On April 30, 2011, we entered into a mining option agreement with Brookmount Explorations Inc. for the Mercedes mining concessions located in the District of Comas, Province of Concepcion, Department of Junin in the Republic of Peru. Unlike the Marawi Gold Claims, the Mercedes concessions will focus mainly on silver exploration.  Under the terms of the mining option agreement, Brookmount Explorations granted us an exclusive option to acquire a 50% interest in the property subject to us undertaking expenditures in the amount of $3,100,000 before April 30, 2013. As of May 31, 2012, we had expended accumulated exploration expenses in the amount of $110,694, including mineral license fees on the concessions.

Our plan was to undertake exploration work on the Mercedes mining claims to fulfill our $750,000 exploration commitment on or before April 30, 2012.   However, we were unable to raise the funds to meet this commitment.  We do not currently have funds available to undertake the exploration but are negotiating financing with various parties.   We are also negotiating with Brookmount in regard to the possibility of extending the agreement.  Currently the Company is in default under the agreement.

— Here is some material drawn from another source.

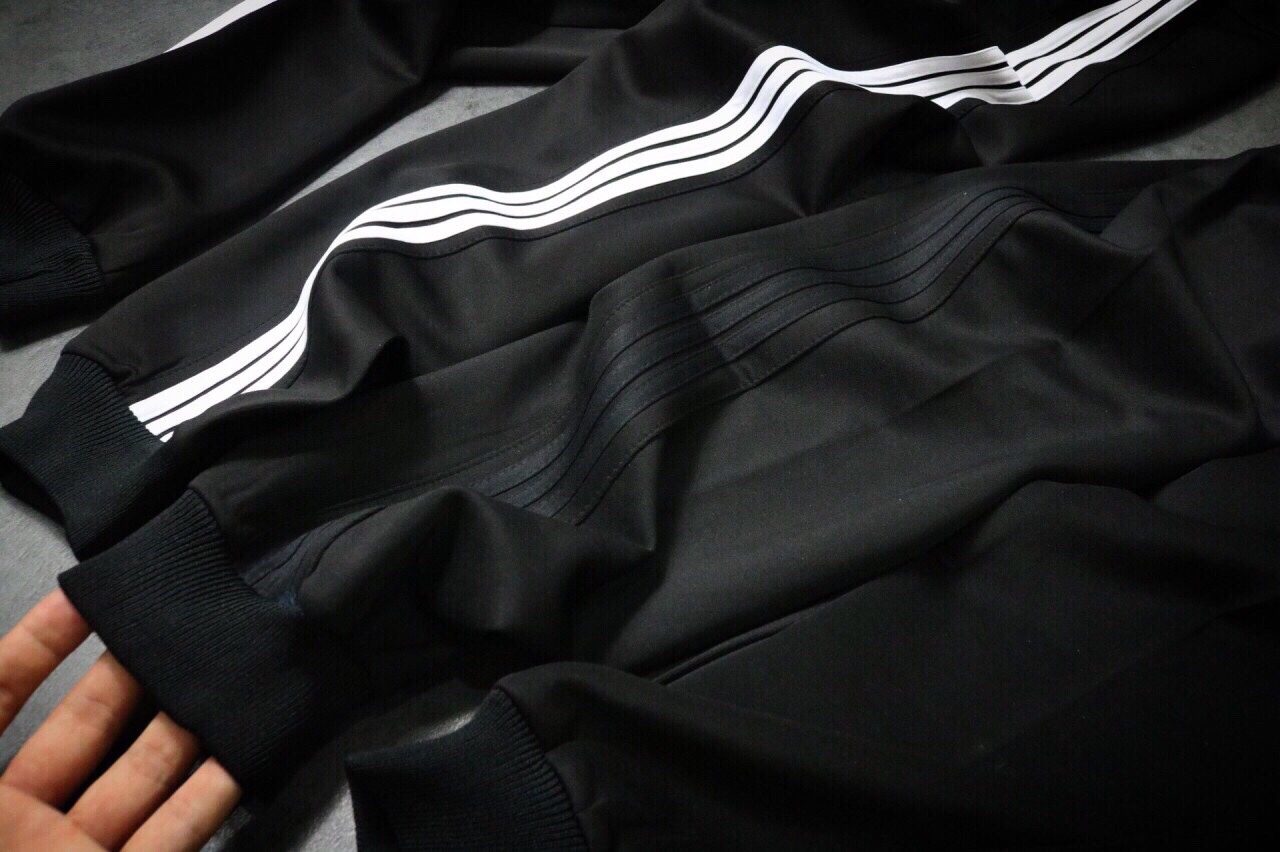 Quần Adidas Nam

On February 1, 2012, we entered into a Mining Option Agreement (the “Option Agreement”) with Minerales Holdings Can Corp., a Belize corporation (the “Optionor”).  Under the terms of the Option Agreement, the Optionor grants us, for the period commencing on the effective date of the Option Agreement and expiring on January 31, 2015 (the “Option Term”), an exclusive option to acquire an undivided one hundred percent (100%) interest in certain mineral claims located in Quebec, Canada (the “Property”), subject to certain conditions.  During the Option Term, we shall have the exclusive working right on the Property.  The Optionor will manage or carry out mining operations at the Property and will receive an operator’s fee for doing so.

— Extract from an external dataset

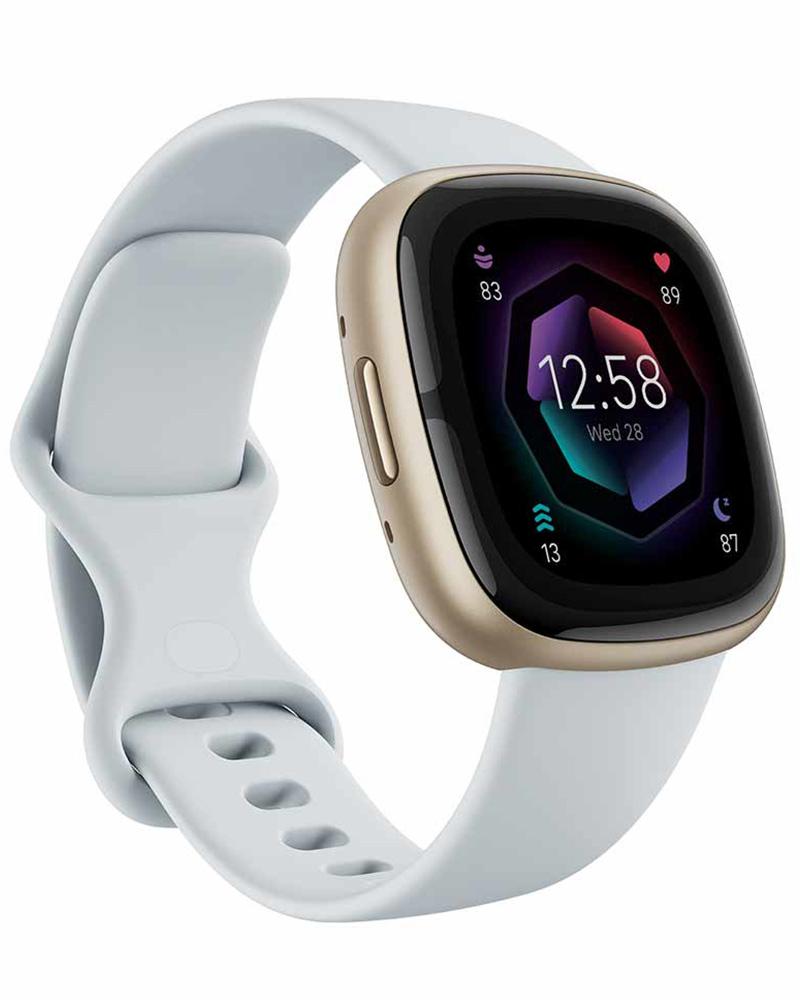 【owner】fitbit、LinkBuds2点 Fitbit Luxe | Privacy & security guide | Mozilla Foundation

In consideration of the grant of the option, we have issued, or will issue, shares of our common stock to the Optionor as follows: (i) 22,500,000 shares of common stock, which were issued upon the execution of the Option Agreement; (ii) 10,000,000 shares of common stock on or before February 1, 2013; and (iii) 7,500,000 shares of common stock on or before December 31, 2013.

 
16

 


In order to maintain in force and exercise our option, we must perform certain obligations, including certain payment obligations.  We must incur expenditures incidental to mining operations on the Property in the aggregate amount of $525,000, with at least $100,000 before December 31, 2012, $125,000 on or before December 31, 2013 and $300,000 on or before December 31, 2014.  Should our actual expenditures be less than the required amount, we must pay the Optionor the difference plus an administrative fee.  Additionally, from the date of the Option Agreement until January 31, 2015, we must carry out sufficient assessment work to keep the Property in good standing and pay any lawful taxes and charges.  We must also file assessment credits as may become available from mining operations on the Property.  If we issue the shares as required to the Optionor, make the expenditures described above and file the required assessment credits all within the proper time periods, then we will have the right to become the owner of a one hundred percent (100%) undivided interest in all or part of the Property as we may elect.    The Company has determined not to proceed with these claims as it has been unable to raise the funds on its core property and is unlikely to be able to complete any work program on this property.   It is currently negotiating with Minerales in regard to the cancellation of the transaction.

Our exploration programs will be exploratory in nature, and there is no assurance that a commercially viable mineral deposit, a reserve, exists until further exploration, particularly drilling, is undertaken and a comprehensive evaluation concludes economic and legal feasibility.  We have not yet generated or realized any revenues from our business operations.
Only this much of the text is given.